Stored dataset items
· · · · ·
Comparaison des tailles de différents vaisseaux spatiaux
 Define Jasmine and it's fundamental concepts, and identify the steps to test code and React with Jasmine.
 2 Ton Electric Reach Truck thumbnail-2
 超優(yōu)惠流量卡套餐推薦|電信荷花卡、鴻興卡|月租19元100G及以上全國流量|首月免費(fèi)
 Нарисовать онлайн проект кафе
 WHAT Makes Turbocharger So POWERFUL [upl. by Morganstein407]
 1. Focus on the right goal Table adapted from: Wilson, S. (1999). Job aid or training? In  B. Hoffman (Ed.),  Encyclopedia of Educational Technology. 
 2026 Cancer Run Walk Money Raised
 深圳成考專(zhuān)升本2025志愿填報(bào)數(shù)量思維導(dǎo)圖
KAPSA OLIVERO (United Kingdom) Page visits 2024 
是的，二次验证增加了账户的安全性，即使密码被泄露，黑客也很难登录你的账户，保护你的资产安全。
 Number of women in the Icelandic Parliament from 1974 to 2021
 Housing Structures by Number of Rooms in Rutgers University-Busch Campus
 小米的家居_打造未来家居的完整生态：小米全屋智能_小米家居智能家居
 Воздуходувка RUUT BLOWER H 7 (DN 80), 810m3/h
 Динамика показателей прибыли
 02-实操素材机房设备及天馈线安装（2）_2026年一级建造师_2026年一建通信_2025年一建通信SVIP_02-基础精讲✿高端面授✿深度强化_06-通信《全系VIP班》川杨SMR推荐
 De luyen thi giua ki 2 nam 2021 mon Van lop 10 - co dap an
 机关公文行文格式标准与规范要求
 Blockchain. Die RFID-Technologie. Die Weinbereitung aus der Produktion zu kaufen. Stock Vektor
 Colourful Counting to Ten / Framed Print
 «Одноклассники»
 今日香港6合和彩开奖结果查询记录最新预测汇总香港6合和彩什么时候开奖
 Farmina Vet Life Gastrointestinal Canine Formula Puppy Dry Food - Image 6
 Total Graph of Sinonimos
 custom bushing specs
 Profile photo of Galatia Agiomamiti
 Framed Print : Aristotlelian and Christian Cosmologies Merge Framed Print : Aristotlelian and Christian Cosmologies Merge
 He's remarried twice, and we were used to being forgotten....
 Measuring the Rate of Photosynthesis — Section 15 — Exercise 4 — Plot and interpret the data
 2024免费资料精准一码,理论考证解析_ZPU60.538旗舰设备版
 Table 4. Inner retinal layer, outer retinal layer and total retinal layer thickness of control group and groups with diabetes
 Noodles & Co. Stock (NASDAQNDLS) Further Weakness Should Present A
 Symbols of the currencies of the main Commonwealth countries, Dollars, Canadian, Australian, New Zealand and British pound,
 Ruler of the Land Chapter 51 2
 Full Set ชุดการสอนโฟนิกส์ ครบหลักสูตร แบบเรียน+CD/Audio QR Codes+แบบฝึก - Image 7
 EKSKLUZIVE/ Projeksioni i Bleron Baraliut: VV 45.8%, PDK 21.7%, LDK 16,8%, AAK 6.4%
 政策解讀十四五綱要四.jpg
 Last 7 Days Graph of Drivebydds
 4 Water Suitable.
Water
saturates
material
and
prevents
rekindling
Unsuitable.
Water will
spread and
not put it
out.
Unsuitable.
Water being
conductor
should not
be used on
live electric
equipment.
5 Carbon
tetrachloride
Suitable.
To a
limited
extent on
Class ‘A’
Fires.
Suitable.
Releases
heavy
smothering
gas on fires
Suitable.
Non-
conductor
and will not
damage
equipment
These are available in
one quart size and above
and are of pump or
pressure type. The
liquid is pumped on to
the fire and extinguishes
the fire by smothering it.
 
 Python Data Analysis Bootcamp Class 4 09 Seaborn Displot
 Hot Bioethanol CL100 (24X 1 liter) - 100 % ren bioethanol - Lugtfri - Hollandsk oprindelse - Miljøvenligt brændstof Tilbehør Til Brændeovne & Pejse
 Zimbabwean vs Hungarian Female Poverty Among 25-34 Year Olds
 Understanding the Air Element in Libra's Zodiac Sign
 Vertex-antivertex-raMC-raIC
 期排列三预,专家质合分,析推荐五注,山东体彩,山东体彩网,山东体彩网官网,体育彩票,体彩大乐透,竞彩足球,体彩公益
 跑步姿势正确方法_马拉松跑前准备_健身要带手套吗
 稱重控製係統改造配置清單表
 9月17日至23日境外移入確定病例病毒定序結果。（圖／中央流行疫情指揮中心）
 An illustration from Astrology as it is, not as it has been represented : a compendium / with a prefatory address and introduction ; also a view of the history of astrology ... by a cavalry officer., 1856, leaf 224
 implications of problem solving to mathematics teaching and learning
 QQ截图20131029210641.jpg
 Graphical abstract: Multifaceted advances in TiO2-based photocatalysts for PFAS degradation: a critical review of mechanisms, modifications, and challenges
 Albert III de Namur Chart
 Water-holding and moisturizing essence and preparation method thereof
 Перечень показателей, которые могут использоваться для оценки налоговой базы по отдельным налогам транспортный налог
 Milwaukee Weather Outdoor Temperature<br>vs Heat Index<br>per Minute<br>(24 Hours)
· · · · ·
▸ **GOAL OF THE EXERCISE**:
Say how many lines of the entries above hold the string "being", and say nothing besides the number.

▸ **ANSWER FOR THIS EXERCISE**:
2